Gabriel Macedo (Manager e técnico de surf) - Fico até sem palavras pra tentar expressar o tamanho do talento de Rudá. Ele veio treinar comigo muito novo e sua irreverência nas manobras era sua marca registrada. Um talento natural com potencia para esta entre os melhores do mundo. Tudo pra ele era fácil, um atleta onde não havia condições ruins para surfar e surpreender. Sem dúvidas se tivesse tido oportunidade para tentar uma carreira no CT, teria sido ídolo internacional. Sabe aquele surfista acima da média e querido por todos? Esse era o Rudá Carvalho. Quando teve oportunidade, se apresentou muito bem no QS, mas por azar teve uma contusão séria. Mas, independente se ele fez uma carreira internacional ou não, pra mim será sempre referência, e o mais importante, é que mesmo fora das competições, sei que está feliz e vivendo um sonho. Mas podem ter certeza que ele é melhor que muitos que estão no Circuito Mundial. Um dos maiores talentos brasileiros, que não teve sorte de ter um grande patrocinador de bico. Meu filho para sempre.

Lalo Giudice (Produtor de eventos, ex surfista profissional e empresário) - Ficou muito difícil apontar um talento na Bahia depois de Rudá. O nível dele era algo estarrecedor e não havia um que não o apontasse como um futuro WCT. Hoje se aparece algum talento na Bahia você se pergunta: Sério, esse menino é bom? É porque você não viu Rudá Carvalho. Sem dúvida o maior talento que já vi na Bahia. Como pessoa, colaborador e atleta, fiel, amigo, honesto, incisivo e dono de um caráter ímpar, faz muita falta.
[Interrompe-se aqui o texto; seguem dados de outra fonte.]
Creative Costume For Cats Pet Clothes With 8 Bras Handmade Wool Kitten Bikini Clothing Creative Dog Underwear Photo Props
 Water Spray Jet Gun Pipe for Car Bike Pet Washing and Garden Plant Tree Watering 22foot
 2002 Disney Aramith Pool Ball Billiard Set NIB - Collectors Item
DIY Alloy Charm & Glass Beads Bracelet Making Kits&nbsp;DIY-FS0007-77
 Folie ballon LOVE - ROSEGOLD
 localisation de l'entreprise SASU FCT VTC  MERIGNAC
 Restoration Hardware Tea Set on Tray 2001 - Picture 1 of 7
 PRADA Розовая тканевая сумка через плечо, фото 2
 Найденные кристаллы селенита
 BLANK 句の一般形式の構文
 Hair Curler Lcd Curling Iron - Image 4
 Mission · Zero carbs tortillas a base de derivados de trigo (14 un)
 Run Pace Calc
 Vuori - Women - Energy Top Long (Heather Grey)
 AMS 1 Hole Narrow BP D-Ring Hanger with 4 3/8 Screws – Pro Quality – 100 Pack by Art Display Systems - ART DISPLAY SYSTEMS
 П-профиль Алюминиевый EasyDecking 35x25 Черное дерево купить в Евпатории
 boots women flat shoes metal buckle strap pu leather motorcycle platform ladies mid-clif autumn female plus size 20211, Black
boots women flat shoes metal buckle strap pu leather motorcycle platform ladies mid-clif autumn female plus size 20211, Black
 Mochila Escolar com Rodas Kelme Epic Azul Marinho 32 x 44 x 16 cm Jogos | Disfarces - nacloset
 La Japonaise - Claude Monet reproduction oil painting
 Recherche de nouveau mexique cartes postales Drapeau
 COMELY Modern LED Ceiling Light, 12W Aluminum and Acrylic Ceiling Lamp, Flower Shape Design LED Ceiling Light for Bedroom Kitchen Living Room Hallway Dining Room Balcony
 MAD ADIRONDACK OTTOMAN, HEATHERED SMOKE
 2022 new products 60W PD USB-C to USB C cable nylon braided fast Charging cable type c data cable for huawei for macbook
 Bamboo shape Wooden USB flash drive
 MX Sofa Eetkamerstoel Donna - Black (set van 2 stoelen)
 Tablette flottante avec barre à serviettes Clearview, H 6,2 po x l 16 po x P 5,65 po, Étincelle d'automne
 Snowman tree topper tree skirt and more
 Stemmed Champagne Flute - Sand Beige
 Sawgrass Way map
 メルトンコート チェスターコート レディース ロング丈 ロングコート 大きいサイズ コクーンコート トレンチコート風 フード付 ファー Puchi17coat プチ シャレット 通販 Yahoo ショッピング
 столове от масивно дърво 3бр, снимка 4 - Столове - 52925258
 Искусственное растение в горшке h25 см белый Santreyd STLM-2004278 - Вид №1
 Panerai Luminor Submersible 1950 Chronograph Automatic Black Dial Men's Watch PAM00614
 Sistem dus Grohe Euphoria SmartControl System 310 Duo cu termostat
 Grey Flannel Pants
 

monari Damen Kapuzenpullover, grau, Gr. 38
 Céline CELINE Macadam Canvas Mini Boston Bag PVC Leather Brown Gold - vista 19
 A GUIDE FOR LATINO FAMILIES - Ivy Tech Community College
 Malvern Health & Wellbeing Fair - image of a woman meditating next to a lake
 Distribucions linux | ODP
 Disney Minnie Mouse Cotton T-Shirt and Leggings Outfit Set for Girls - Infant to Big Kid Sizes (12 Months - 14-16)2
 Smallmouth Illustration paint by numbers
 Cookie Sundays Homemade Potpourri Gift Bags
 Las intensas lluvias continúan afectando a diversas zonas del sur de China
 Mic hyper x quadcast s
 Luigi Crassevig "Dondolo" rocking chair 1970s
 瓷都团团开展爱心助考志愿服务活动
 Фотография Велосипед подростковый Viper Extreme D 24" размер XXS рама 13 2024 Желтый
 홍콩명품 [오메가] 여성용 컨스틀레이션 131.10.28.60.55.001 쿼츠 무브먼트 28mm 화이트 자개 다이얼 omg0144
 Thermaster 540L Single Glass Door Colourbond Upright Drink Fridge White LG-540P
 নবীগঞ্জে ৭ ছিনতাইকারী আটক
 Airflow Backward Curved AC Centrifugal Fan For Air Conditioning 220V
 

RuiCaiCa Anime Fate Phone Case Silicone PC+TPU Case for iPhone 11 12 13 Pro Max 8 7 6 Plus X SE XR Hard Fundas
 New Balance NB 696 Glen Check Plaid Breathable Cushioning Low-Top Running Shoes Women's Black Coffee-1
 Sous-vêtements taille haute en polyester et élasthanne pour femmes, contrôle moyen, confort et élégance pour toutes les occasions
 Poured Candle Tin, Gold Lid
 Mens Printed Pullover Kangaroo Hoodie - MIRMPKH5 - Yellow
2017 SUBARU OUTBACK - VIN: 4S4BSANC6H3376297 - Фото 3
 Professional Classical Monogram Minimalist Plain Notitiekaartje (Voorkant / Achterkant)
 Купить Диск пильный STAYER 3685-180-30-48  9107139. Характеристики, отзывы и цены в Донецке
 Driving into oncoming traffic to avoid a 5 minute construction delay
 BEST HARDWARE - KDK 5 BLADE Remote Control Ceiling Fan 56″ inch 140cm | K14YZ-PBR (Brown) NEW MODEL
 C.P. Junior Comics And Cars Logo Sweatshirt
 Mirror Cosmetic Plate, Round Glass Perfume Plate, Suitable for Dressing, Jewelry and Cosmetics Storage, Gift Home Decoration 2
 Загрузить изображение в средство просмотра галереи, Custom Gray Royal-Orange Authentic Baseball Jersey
Marco Fernandez (Bi campeão baiano Pro, Vice campeão brasileiro Pro, atleta da divisão de acesso do Circuito Mundial de surf) - Rudá com certeza foi um dos caras mais talentosos que a Bahia já teve, principalmente pra minha geração, que era abaixo da dele. Tínhamos Rudá, Bino e Bruno, que influenciaram a nossa geração, mas Rudá com certeza chamava mais atenção pela radicalidade, super talento, sempre com manobras inovadoras. Pra falar a verdade eu sempre me inspirei em Rudá, pois além de ser um grande surfista, é um grande ser humano, somos amigos desde amador, além do que como profissional, tive oportunidade de viajar com ele no Circuito Mundial e Brasileiro por alguns anos e foi irado. Acredito que ele está dando um tempo pra respirar, estruturar a família, mas logo logo estará com a gente competindo novamente, 100%.